Спутники не могли удержать Агамемнона. Он бросился, приподняв занавес, на сцену, через подмостки, в коморку для танцовщиц и мимов.
Товарищи шептали ему на ухо:
— Подожди! Завтра все будет сделано. А теперь могут…
Агамемнон перебил:
— Нет, сейчас!
Он подошел к хозяину, хитрому седому греку Мирмексу, и сразу, почти без объяснений, высыпал ему в полу туники пригоршню золотых монет.
— Кроталистрия-твоя?
— Да. Что угодно моему господину?
Мирмекс с изумлением смотрел то на разорванную одежду Агамемнона, то на золото.

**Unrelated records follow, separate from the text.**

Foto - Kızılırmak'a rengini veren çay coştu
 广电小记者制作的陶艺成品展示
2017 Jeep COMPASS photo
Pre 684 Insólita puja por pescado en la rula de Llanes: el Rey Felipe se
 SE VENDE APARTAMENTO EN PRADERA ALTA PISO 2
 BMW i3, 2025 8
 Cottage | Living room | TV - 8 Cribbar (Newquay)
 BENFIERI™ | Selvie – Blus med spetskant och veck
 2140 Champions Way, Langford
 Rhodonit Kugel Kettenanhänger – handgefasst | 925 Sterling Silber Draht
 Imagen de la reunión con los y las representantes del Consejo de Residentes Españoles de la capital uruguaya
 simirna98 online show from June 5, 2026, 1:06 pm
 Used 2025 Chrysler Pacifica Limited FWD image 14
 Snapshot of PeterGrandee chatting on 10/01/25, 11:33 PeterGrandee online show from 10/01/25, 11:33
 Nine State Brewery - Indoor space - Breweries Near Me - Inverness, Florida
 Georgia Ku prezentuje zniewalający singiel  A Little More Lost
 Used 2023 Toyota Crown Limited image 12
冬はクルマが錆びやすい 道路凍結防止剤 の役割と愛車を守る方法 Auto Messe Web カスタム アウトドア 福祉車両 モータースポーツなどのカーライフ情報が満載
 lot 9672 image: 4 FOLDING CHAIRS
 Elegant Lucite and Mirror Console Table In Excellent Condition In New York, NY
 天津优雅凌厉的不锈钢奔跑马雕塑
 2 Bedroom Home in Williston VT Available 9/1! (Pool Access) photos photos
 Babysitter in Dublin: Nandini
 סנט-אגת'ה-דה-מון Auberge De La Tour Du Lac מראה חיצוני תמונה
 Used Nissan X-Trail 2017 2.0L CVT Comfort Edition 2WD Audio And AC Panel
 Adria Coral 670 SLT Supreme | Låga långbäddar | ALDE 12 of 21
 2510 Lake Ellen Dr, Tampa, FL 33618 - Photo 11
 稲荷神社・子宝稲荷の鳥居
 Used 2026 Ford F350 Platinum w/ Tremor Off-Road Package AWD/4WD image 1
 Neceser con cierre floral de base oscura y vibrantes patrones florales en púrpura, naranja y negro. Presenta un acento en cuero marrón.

— Как тебя зовут, девочка?
— Филлис.
Он и ей дал денег, не считая. Грек что-то шепнул на ухо Филлис. Она высоко подбросила звонкие монеты, поймала их на ладонь, и, засмеявшись, сверкнула на Агамемнона своими желтыми глазами. Он сказал:
— Пойдем со мною.
Филлис накинула на голые смуглые плечи темную хламиду и выскользнула вместе с ним на улицу.
Она спросила:
— Куда?
— Не знаю.
— К тебе?
— Нельзя. Я живу в Антиохии.
— А я только сегодня на корабле приехала и ничего не знаю.
— Что же делать?
— Подожди, я видела давеча в соседнем переулке незапертый храм Приапа. Пойдем туда.
Филлис потащила его, смеясь. Товарищи хотели следовать. Он сказал:
— Не надо! Оставайтесь здесь.
— Берегись! Возьми по крайней мере оружие. В этом предместье ночью опасно.
И вынув из-под одежды короткий меч, вроде кинжала, с драгоценной рукояткой, один из спутников подал его почтительно.
Спотыкаясь во мраке, Агамемнон и Филлис вошли в глубокий темный переулок, недалеко от рынка.
— Здесь, здесь! Не бойся. Входи.
Они вступили в преддверье маленького пустынного храма; лампада на цепочках, готовая потухнуть, слабо освещала грубые, старые столбы.
— Притвори дверь.
И Филлис неслышно сбросила на каменный пол мягкую, темную хламиду. Она беззвучно хохотала. Когда Агамемнон сжал ее в объятьях, ему показалось, что вокруг тела его обвилась страшная, жаркая змея. Желтые хищные глаза сделались огромными.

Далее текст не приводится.